The cross-product matrix of columns can be expressed as:
\[\begin{align*} \mathbf{X^\mathsf{T} X} &= (\mathbf{U D V^\mathsf{T}})^\mathsf{T} (\mathbf{U D V^\mathsf{T}}) \\ &= (\mathbf{V D U^\mathsf{T}}) (\mathbf{U D V^\mathsf{T}}) \\ &= \mathbf{V D} (\mathbf{U^\mathsf{T}} \mathbf{U}) \mathbf{D V^\mathsf{T}} \\ &= \mathbf{V D^2 V^\mathsf{T}} \end{align*}\]
The cross-product matrix of rows can be expressed as:
\[\begin{align*} \mathbf{X X^\mathsf{T}} &= (\mathbf{U D V^\mathsf{T}}) (\mathbf{U D V^\mathsf{T}})^\mathsf{T} \\ &= (\mathbf{U D V^\mathsf{T}}) (\mathbf{V D U^\mathsf{T}}) \\ &= \mathbf{U D} (\mathbf{V^\mathsf{T}} \mathbf{V}) \mathbf{D U^\mathsf{T}} \\ &= \mathbf{U D^2 U^\mathsf{T}} \end{align*}\]

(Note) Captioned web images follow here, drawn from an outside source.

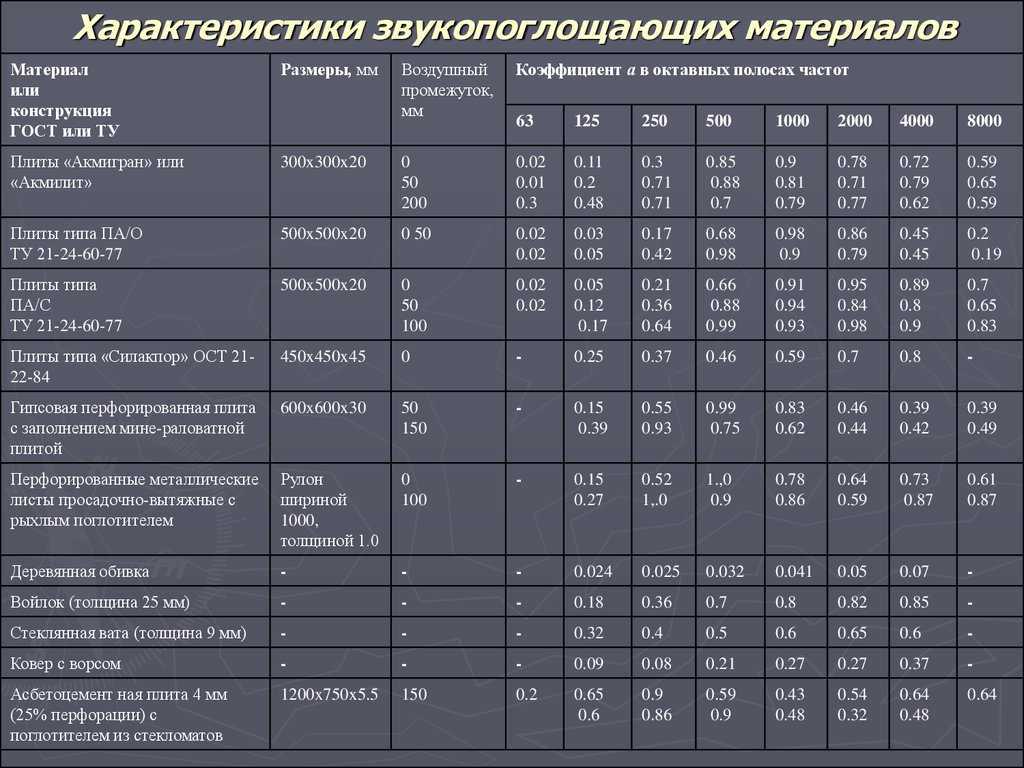 Шумопоглощающие окна – 3 технологии улучшения звукоизоляционных параметров окон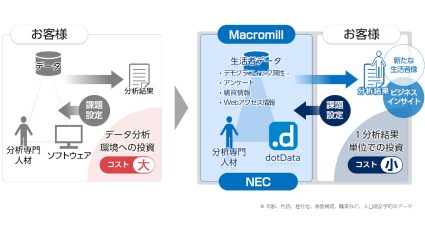 NECとマクロミル、マーケティングに活用するAI分析サービスを提供開始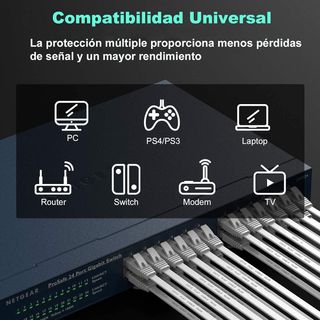 Nixsto Cable Ethernet 20 metros, Cable de red Cat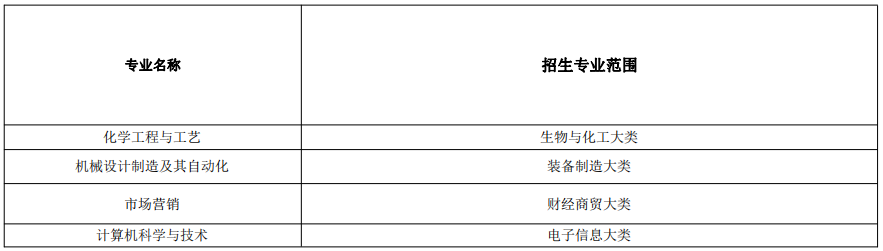 安庆师范大学专升本招生专业范围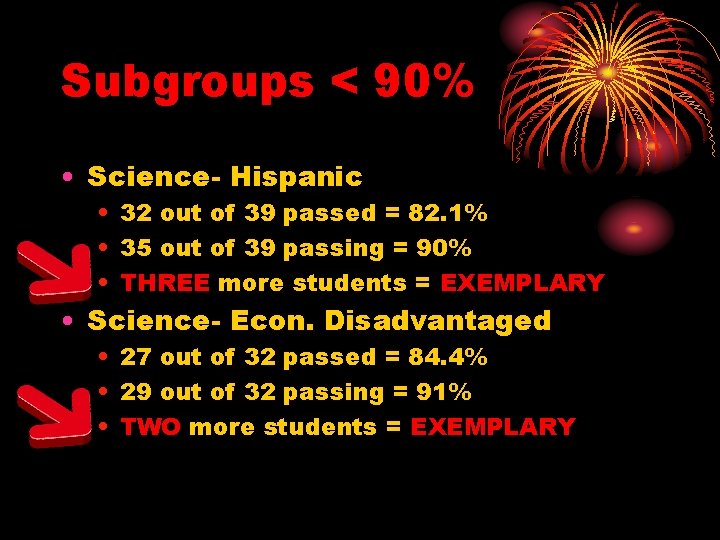 Subgroups < 90% • Science- Hispanic • 32 out of 39 passed = 82.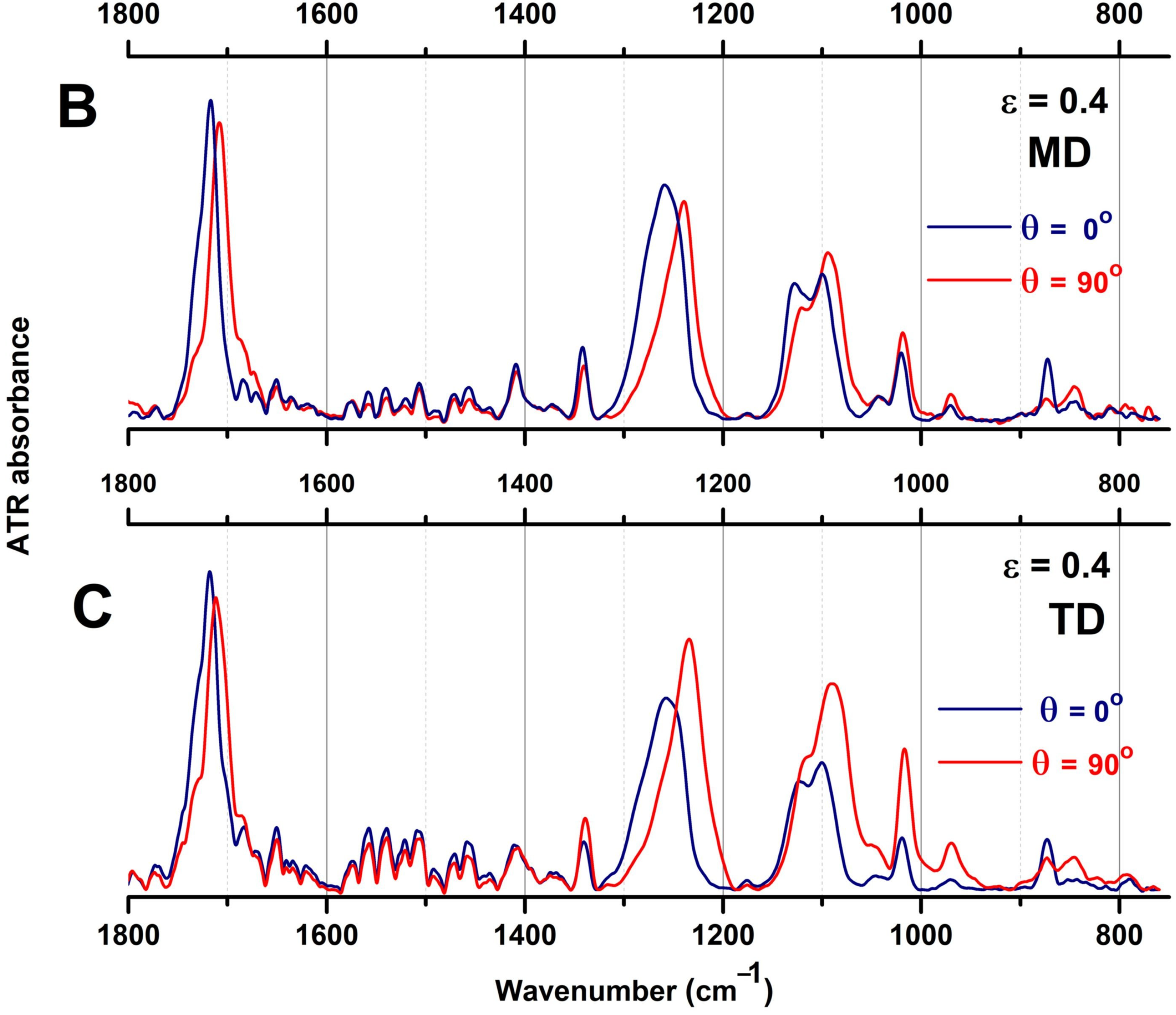 Polymers 16 00850 g008b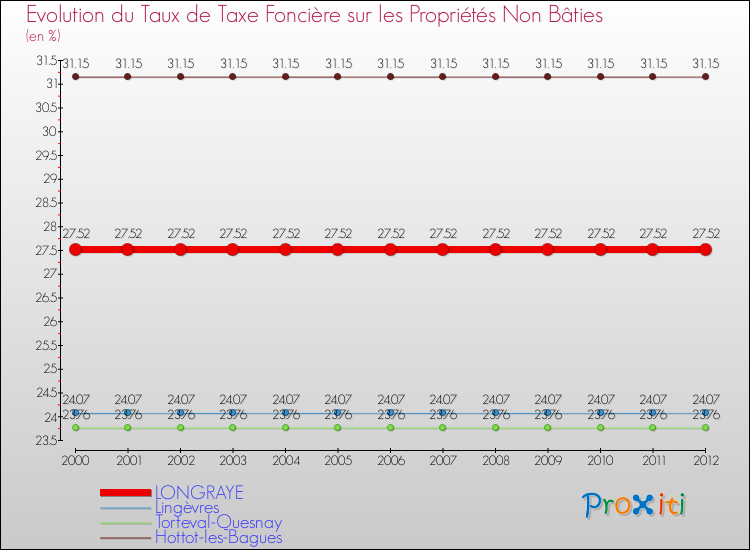 Evolution du taux de la taxe foncière sur les immeubles et terrains non batis pour LONGRAYE et les communes proches de 2000 à 2012 Comparaison des taux de la taxe foncière sur les immeubles et terrains non batis pour LONGRAYE et les communes voisines de 2000 à 2012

One of the interesting things about SVD is that \(\mathbf{U}\) and \(\mathbf{V}\) are matrices whose columns are eigenvectors of product moment matrices that are derived from \(\mathbf{X}\). Specifically,
\(\mathbf{U}\) is the matrix of eigenvectors of (symmetric) \(\mathbf{XX^\mathsf{T}}\) of order \(n \times n\)
\(\mathbf{V}\) is the matrix of eigenvectors of (symmetric) \(\mathbf{X^\mathsf{T}X}\) of order \(p \times p\)
Of additional interest is the fact that \(\mathbf{D}\) is a diagonal matrix whose main diagonal entries are the square roots of \(\mathbf{U}^2\), the common matrix of eigenvalues of \(\mathbf{XX^\mathsf{T}}\) and \(\mathbf{X^\mathsf{T}X}\).
The EVD of the cross-product matrix of columns (or minor product moment) \(\mathbf{X^\mathsf{T} X}\) can be expressed as:
\[ \mathbf{X^\mathsf{T} X} = \mathbf{V \Lambda V^\mathsf{T}} \]
in terms of the SVD factorization of \(\mathbf{X}\):
\[ \mathbf{X^\mathsf{T} X} = \mathbf{V D^2 V^\mathsf{T}} \]
The EVD of the cross-product matrix of rows (or major product moment) \(\mathbf{X X^\mathsf{T}}\) can be expressed as:
\[ \mathbf{X X^\mathsf{T}} = \mathbf{U \Lambda U^\mathsf{T}} \]
in terms of the SVD factorization of \(\mathbf{X}\):
\[ \mathbf{X X^\mathsf{T}} = \mathbf{U D^2 U^\mathsf{T}} \]